# River Clyde steam passenger ferries



## submarine (Aug 18, 2008)

Back about 1960's I had a tour of the engine room. Head through the door could see it all. Two cylinder steam made about the same noise as a Singer treadle sewing machine. Was it still coal fired or oil ? Who built the engine and who built the ferry ? Dave


----------



## TOM ALEXANDER (Dec 24, 2008)

submarine said:


> Back about 1960's I had a tour of the engine room. Head through the door could see it all. Two cylinder steam made about the same noise as a Singer treadle sewing machine. Was it still coal fired or oil ? Who built the engine and who built the ferry ? Dave


You wouldn't be talking about the Govan Ferry, would you? I understand there is a new version now, but the old one was certainly a well established institution, even remembered in song.


----------



## jimthehat (Aug 5, 2006)

Now i remember all the Clyde steamers from way back,the paddlers and the prop ships..

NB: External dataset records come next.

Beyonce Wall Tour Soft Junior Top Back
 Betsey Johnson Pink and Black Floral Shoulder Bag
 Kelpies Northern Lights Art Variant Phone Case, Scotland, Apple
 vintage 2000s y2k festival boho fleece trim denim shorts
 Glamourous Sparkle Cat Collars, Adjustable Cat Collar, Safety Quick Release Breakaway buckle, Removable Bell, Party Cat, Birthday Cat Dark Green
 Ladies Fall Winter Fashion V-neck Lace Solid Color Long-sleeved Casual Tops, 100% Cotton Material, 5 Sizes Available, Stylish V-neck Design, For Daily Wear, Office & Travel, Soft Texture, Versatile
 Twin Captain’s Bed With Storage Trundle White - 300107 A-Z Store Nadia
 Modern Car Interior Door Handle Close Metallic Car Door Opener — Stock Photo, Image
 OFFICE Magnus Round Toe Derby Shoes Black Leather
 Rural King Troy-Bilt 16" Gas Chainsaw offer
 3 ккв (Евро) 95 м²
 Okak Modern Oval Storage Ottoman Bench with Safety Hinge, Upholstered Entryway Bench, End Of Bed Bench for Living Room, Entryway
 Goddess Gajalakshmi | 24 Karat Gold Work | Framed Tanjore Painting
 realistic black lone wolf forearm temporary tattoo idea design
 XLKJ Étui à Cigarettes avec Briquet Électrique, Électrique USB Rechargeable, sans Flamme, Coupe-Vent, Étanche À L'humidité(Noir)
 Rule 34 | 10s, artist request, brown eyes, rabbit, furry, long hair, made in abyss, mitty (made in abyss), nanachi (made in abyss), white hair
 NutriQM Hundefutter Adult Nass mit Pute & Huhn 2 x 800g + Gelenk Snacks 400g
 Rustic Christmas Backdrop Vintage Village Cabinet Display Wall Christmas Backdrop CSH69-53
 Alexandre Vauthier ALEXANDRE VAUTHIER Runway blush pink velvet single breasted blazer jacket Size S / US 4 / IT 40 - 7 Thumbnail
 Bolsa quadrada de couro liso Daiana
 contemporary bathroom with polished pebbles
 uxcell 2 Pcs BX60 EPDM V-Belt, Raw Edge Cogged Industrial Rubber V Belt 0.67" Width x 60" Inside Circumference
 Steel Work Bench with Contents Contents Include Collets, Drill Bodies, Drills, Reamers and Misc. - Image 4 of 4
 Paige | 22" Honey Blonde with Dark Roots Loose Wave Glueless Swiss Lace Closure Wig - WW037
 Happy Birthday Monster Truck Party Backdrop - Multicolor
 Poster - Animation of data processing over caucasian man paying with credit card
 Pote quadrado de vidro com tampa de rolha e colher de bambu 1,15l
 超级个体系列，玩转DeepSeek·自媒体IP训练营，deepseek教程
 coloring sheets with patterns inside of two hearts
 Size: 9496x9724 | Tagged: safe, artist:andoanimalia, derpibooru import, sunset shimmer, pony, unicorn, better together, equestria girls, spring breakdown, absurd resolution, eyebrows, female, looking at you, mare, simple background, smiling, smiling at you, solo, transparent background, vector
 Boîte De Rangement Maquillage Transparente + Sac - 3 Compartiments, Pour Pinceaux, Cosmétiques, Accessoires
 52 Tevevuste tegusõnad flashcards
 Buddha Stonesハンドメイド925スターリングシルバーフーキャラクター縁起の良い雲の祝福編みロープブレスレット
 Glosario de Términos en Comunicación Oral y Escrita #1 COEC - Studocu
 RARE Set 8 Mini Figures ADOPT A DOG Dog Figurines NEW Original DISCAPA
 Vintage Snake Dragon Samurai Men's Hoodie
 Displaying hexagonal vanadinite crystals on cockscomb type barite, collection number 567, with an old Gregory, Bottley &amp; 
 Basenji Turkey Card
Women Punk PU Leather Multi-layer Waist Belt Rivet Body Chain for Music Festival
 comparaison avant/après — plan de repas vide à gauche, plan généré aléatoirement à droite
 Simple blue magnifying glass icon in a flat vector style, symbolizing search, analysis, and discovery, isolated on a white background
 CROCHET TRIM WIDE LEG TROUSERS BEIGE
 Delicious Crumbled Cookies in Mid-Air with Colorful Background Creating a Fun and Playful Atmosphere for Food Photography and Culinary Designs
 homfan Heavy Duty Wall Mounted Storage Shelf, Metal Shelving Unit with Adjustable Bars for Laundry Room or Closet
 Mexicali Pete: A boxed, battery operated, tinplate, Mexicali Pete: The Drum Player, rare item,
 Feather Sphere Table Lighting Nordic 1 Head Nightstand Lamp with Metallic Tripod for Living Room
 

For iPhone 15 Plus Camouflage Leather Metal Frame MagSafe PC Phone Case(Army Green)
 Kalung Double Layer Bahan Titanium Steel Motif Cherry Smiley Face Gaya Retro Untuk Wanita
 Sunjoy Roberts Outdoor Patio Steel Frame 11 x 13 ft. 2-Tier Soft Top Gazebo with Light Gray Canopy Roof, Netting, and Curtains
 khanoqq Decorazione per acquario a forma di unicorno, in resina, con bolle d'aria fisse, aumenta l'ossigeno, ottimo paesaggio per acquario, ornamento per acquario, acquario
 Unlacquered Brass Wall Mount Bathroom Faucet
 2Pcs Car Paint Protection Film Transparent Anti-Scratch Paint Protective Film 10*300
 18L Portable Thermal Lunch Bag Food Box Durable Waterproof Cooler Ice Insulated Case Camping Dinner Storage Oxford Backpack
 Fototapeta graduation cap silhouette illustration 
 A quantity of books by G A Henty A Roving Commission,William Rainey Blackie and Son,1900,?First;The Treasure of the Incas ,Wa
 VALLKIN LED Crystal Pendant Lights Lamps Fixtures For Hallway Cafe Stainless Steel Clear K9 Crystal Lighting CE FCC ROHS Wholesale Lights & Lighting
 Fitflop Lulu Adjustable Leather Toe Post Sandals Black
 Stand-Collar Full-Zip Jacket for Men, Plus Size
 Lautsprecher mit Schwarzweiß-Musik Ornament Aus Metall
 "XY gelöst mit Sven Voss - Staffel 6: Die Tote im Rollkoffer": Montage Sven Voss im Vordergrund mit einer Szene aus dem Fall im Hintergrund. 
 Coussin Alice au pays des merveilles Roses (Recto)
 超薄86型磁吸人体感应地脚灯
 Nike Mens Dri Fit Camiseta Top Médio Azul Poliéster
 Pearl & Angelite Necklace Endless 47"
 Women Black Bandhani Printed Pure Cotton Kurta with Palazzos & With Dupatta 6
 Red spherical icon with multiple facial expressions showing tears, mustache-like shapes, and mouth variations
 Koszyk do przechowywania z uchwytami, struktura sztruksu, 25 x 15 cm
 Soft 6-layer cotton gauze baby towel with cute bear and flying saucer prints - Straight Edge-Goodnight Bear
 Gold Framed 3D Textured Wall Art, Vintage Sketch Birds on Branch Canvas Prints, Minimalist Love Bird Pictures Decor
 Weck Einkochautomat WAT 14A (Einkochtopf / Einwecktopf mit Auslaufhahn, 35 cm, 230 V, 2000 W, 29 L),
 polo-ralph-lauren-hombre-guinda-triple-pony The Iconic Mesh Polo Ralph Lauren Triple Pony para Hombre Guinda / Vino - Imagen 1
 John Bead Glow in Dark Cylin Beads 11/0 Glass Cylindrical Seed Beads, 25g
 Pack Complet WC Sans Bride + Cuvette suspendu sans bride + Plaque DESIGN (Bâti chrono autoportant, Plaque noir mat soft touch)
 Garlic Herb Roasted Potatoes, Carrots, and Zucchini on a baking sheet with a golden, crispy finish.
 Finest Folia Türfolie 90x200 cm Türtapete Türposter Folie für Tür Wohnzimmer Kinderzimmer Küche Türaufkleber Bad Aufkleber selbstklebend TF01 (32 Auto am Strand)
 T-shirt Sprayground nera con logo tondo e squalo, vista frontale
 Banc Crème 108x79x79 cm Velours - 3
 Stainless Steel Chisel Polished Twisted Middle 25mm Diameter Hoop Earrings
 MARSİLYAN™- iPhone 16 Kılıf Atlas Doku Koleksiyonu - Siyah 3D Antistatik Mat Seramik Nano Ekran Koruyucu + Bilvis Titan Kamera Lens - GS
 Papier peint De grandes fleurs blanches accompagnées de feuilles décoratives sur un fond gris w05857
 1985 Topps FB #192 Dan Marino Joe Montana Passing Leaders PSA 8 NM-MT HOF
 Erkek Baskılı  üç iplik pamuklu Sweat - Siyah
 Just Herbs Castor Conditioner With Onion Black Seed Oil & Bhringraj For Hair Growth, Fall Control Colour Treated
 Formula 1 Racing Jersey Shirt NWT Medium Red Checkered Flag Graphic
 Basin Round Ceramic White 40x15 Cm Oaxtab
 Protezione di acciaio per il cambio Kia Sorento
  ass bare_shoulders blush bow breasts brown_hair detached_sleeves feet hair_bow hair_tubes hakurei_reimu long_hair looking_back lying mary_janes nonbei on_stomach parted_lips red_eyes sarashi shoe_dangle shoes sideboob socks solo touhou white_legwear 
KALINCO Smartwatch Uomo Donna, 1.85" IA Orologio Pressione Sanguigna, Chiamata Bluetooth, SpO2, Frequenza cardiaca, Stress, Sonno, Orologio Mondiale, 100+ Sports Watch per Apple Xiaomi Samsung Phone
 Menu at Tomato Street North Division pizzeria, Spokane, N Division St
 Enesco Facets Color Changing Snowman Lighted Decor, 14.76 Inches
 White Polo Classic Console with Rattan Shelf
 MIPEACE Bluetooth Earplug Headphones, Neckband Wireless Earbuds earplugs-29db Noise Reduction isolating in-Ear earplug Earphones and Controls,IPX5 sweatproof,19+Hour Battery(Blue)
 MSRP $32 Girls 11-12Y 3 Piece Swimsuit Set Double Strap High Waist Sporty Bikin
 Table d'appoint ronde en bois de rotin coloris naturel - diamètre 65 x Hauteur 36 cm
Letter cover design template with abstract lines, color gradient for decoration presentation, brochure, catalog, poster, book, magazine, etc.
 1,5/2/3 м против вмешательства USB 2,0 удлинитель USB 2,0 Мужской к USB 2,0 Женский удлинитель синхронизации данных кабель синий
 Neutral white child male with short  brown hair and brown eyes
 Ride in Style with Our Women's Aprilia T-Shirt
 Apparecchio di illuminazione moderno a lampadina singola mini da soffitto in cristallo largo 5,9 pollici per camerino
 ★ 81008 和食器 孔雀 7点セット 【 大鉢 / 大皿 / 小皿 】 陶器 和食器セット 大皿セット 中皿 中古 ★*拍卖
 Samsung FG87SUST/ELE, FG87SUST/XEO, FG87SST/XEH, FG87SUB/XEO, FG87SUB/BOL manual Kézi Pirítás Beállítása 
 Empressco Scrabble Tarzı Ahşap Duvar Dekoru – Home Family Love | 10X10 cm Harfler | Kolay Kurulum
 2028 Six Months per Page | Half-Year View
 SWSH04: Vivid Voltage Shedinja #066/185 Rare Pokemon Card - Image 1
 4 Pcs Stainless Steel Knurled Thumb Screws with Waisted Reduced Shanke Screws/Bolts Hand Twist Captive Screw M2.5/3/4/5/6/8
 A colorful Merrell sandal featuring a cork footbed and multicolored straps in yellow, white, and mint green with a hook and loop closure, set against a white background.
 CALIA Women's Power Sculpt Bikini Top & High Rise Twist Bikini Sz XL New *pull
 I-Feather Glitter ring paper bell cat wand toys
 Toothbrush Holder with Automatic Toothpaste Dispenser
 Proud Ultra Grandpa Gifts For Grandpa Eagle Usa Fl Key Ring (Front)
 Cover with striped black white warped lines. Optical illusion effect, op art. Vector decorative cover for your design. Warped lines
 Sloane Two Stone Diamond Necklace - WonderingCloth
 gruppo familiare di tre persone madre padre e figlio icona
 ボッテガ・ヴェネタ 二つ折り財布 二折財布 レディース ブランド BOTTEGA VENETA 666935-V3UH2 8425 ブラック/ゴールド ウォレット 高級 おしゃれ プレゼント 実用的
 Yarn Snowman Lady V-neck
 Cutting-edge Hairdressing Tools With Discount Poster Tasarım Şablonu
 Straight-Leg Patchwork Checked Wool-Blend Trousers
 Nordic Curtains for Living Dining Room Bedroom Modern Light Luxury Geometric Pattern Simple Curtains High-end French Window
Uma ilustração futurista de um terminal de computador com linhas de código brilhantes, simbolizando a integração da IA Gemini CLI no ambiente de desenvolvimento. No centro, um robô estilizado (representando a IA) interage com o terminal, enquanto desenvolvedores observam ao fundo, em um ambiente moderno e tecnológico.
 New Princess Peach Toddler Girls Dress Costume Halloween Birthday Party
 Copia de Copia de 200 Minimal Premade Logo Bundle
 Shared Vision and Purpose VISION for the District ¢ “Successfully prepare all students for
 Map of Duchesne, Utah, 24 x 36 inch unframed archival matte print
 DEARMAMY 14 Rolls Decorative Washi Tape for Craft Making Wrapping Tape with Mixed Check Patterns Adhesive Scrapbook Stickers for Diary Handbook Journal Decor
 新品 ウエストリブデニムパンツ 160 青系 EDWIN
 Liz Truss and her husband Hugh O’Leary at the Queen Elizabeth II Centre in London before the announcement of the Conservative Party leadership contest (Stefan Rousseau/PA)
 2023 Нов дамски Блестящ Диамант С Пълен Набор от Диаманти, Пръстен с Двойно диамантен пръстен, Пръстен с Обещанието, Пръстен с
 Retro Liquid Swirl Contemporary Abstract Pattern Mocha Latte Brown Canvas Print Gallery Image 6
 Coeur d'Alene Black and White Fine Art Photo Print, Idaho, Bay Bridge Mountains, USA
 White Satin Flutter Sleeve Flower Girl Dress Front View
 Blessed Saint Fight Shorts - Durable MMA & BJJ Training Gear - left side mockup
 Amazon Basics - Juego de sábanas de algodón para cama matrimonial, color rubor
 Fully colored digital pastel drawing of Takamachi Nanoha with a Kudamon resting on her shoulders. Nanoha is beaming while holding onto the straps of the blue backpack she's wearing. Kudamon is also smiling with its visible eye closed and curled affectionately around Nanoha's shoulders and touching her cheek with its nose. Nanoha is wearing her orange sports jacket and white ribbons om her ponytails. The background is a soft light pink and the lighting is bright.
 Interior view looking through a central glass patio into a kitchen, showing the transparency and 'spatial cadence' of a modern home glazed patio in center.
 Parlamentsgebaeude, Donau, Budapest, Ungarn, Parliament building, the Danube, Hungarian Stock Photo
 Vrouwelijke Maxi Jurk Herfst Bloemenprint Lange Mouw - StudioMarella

Jeane deans,lucy aston and Queen Mary 2 and a copple of others .
used to go down to Dunoon pier and pick a ship and spend all day cruising up and down the River,probably getting back about 8pm.
earned my keep by tidying up the heaving lines and mooring ropes.happy days.

jim


----------



## submarine (Aug 18, 2008)

Tom,
Govan ferry it is. Ran side by side with vehicle ferry. Dave


----------



## Ron Dean (Aug 11, 2010)

jimthehat said:


> Now i remember all the Clyde steamers from way back,the paddlers and the prop ships..
> 
> Jeane deans,lucy aston and Queen Mary 2 and a copple of others .
> used to go down to Dunoon pier and pick a ship and spend all day cruising up and down the River,probably getting back about 8pm.
> ...


I remember in May 1957 sailing on the Jeannie Deans.
Gourock to Dunoon, Rothesay on the Isle of Bute, then through the Kyles of Bute to Tighnabruaich returning late evening.
My memories are of many kilted Scotsmen, some with skean dhu's, drinking whisky in a very small overcrowded bar & eating Scotch pancakes served through a hatch from a small deck galley.
A piper & a fiddle player provided entertainment throughout the sailing.
The scenery was manificent and I'm sure that hasn't changed much.
Although this was more than 56 years ago, it still remains one of the most memorable days of my life.

Ron.


----------



## gordy (Apr 18, 2008)

submarine said:


> Tom,
> Govan ferry it is. Ran side by side with vehicle ferry. Dave


There's a preserved one beside the new Riverside Museum.


----------



## forthbridge (Jun 28, 2007)

Riverside museum is well worth a visit. If you are older it will bring back many memories.


----------



## drwhoman (Mar 27, 2008)

*Riverside Museum*

I fully endorse the previous comment about the Riverside Musuem. As a visitor to Glasgow last October I went along to have a look. It was excellent. All things transport with some great ship models. There is also the tall ship Glenlee out on the river which is maintained in excellent condition. The coffee and sandwiches were good as well!


----------